Required Background :
- AWS Mastery : Deep knowledge of EC2, IAM, CloudWatch, and Organizations.
- Systems Design : Experience building automation workflows or complex cloud architectures.
- The "FinOps" Mindset : A background in cost optimization or observability is highly preferred.
Responsibilities & Duties
1. Architecting the Core Intelligence Logic :
- Design Multi-Signal Detection Frameworks : Develop the mathematical and logical models that determine "idleness" by synthesizing data from CPU, network throughput, disk I/O, and memory.
- Establish Confidence Scoring : Create the scoring engine that weighs different signals to produce a "remediation confidence" percentage, ensuring the system only acts when data is conclusive.
2. Risk Modeling & Operational Guardrails :
- Define Environment Risk Tiers : Establish distinct "Rules of Engagement" for different environment types (Sandbox, Dev, Staging, and Production) to ensure safety.
- Set Automation Boundaries : Design the "Hard Stop" logicidentifying specific conditions where the system should pause and escalate for human approval rather than proceeding with automated remediation.
3. Strategic System Design & Telemetry :
- Specify Telemetry Requirements : Define exactly which metrics (from CloudWatch, Flow Logs, etc.) the engineering team needs to ingest to enable high-fidelity decision-making.
- Bridge Product & Engineering : Translate high-level business goals (e.g., "reduce spend by 20%") into technical logic requirements that the engineering team can build and scale.
- Advise on Multi-Account Strategy : Architect how the intelligence layer should behave across complex AWS Organizations and cross-account IAM roles.
4. Explainability & Decision Transparency :
- Design the "Evidence Chain" : Define the specific data points required to justify every decision.

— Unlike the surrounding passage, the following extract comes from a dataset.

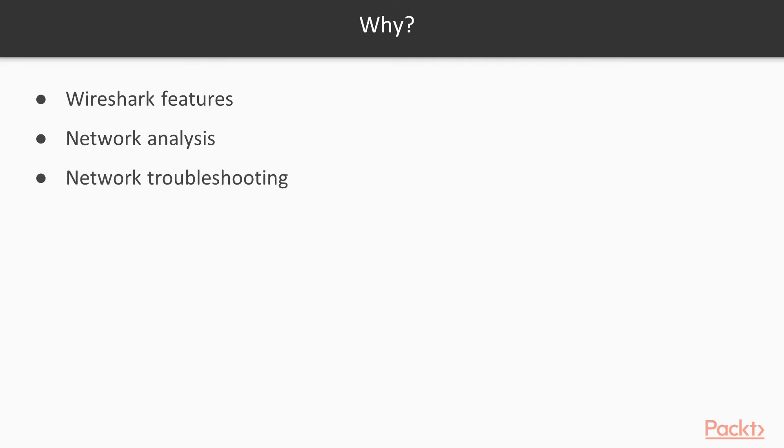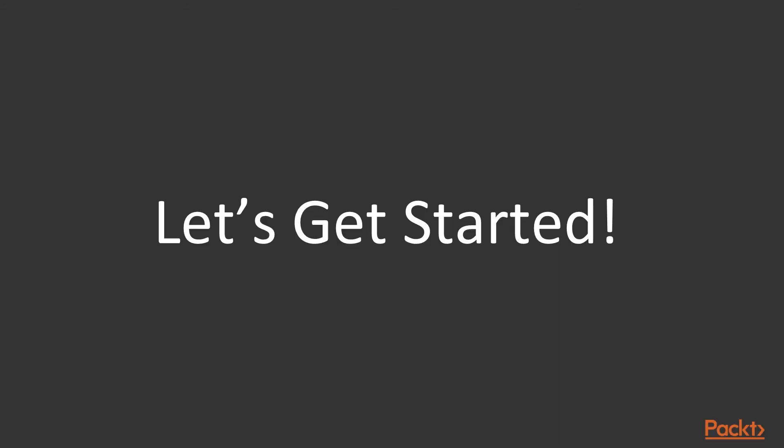So this is all about the course overview. Thank you so much for your time and I'll see you inside the course.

Ensure that when a resource is flagged, the system provides a human-readable "Why."
5. Edge Case Engineering & Validation :
- Scenario Modeling : Develop logic to handle "noisy" infrastructure, including Auto Scaling Groups (ASGs), ephemeral workloads, and EFS-backed instances that appear idle but are mission-critical.
- False Positive Reduction : Continuously analyze system outputs to identify patterns that lead to false positives (e.g., monthly cron jobs or quarterly backups) and refine the detection models accordingly.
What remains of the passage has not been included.